* **Collected material**
- Opening Delimiter -
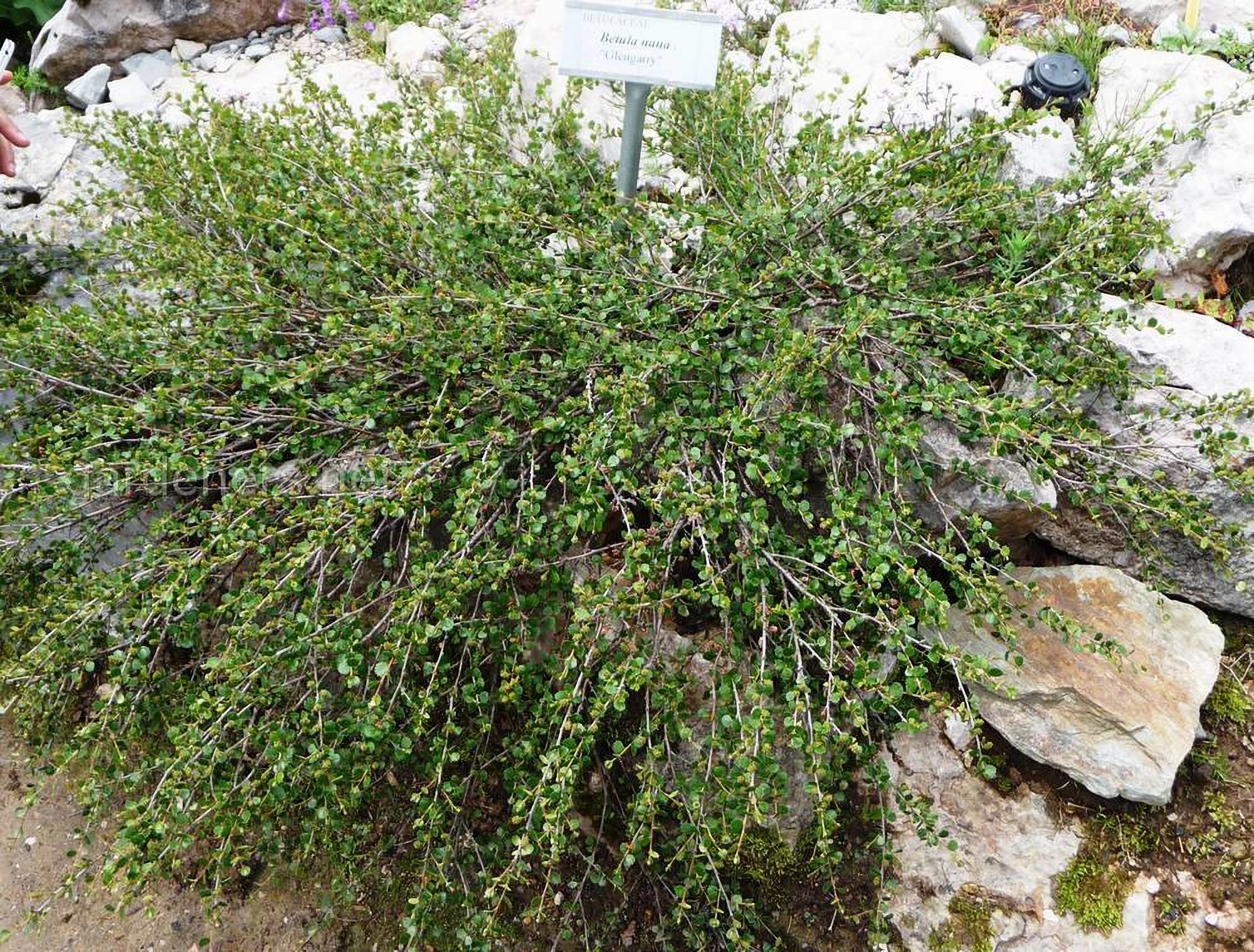 Превью изображения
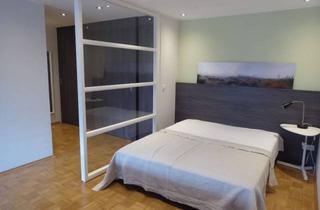 Wohnung mieten in Lehrenweg 25b, 88709 Meersburg, großzügige 1-Zimmer-Wohnung, teilmöbliert mit Balkon und Einbauküche in Meersburg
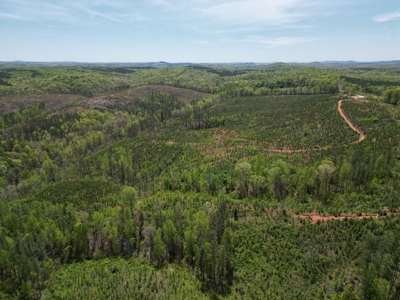 Rare 274-Acre Estate with James River Views in Gladstone, VA - image 25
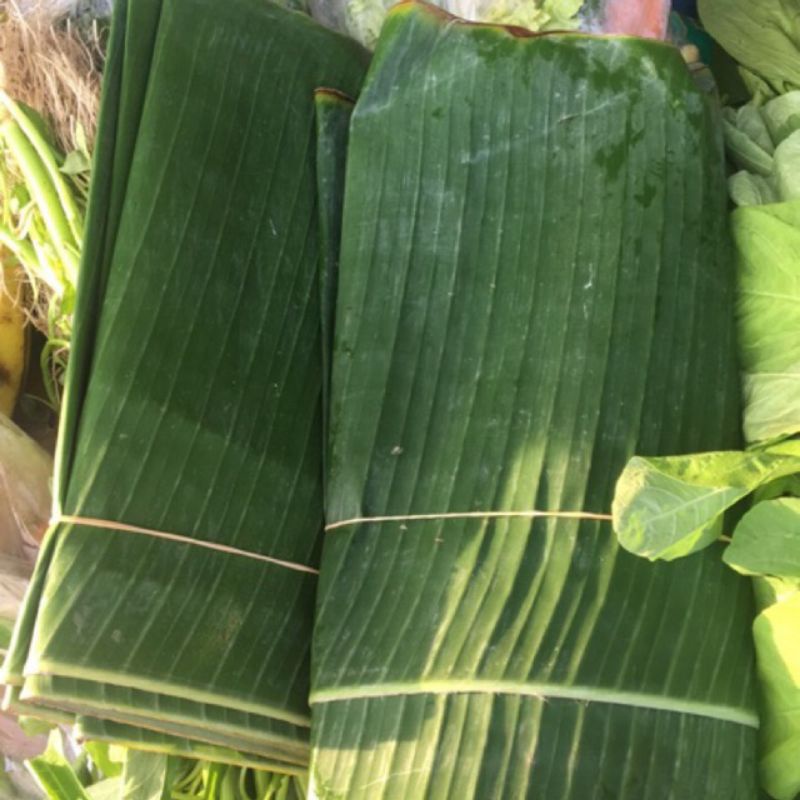 Detail Gambar Daun Pisang Raja Nomer 2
- Closing Delimiter -
Word for word and without any pictures, return all of the lines above.

* **Result**
 Превью изображения
 Wohnung mieten in Lehrenweg 25b, 88709 Meersburg, großzügige 1-Zimmer-Wohnung, teilmöbliert mit Balkon und Einbauküche in Meersburg
 Rare 274-Acre Estate with James River Views in Gladstone, VA - image 25
 Detail Gambar Daun Pisang Raja Nomer 2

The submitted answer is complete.